The men came in a seemingly endless succession, and I was forced to entertain them in all the ways they wanted, a prisoner in my own body while Faith lived out her dreams of doing all sorts of things she'd never done before. I was an unwilling backseat passenger, my self shoved into a tiny corner while Faith used my body to do whatever she wished with the visiting clients. No sexual act was beyond reach, and I felt sick inside each time Faith did something I'd have never done if I were in my right mind.
But I wasn't, and, night after night, I was forced to do all sorts of things that made my stomach turn when I was alone in the shower afterwards. From spankings to golden showers, bondage to breath play, and all sorts of acts in between, I was forced to do them all, and Faith lived on the experience. I had the feeling her most recent marriage had been rather boring, and thus she was using me as a way to live out fantasies she'd thought out of reach.
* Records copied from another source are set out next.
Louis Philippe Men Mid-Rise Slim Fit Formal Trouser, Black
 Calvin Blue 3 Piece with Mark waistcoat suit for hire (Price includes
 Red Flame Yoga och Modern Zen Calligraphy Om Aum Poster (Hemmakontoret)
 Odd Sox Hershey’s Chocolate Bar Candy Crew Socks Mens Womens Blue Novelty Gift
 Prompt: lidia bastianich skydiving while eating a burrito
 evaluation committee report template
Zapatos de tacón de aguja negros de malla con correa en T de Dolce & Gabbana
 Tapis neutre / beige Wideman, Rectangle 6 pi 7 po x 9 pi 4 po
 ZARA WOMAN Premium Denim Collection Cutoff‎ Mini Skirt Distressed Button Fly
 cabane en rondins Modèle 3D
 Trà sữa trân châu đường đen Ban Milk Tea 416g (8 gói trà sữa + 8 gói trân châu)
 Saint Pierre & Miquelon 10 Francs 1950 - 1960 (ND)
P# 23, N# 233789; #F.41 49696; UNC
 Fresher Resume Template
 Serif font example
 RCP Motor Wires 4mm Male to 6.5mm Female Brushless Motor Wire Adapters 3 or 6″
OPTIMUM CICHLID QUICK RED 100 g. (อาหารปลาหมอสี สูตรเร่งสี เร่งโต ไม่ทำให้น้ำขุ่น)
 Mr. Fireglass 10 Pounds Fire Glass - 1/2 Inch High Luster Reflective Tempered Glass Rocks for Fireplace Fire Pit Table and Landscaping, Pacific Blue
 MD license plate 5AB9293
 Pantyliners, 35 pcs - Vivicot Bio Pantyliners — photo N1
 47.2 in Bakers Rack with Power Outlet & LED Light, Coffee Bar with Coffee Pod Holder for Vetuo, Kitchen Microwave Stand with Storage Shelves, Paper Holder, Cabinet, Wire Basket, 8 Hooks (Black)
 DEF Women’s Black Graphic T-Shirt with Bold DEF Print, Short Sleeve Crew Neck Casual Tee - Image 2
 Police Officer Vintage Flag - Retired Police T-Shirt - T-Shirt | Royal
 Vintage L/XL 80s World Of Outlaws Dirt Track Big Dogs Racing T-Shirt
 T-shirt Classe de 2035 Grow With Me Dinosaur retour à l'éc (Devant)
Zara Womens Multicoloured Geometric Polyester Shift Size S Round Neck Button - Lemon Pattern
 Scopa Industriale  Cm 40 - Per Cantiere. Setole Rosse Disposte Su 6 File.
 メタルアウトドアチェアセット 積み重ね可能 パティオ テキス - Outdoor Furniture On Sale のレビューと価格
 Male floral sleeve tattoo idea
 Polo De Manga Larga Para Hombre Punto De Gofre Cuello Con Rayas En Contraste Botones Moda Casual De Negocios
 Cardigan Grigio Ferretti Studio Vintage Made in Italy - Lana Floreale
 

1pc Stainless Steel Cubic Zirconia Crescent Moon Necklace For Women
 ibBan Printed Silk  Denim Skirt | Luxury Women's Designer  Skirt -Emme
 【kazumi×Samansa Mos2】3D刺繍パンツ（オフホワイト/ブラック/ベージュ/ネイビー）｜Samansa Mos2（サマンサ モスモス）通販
I endured it all, and often when I was in the shower, I ended up being sick from the abuse my body had suffered. Faith, mercifully, left me alone, but the moment I was dried and dressed, she was back inside my mind, and unlike with Mother, she demanded access to everything. My concealment trick didn't work with her; the nuns were too good at their mind work, so I had no choice but to let Faith in. And she picked everything apart, often outright stealing my lingering feelings of shame and humiliation, and making them into positive emotions that she shoved back into my mind, with no thought of the damage it would do, leading to confusion as I recalled each sexual encounter, only to find my mind recalling it with ecstasy. During those times, I felt something nagging at me, telling me that I should be feeling revulsion and not ecstasy over the latest degrading acts I was forced to perform against my will.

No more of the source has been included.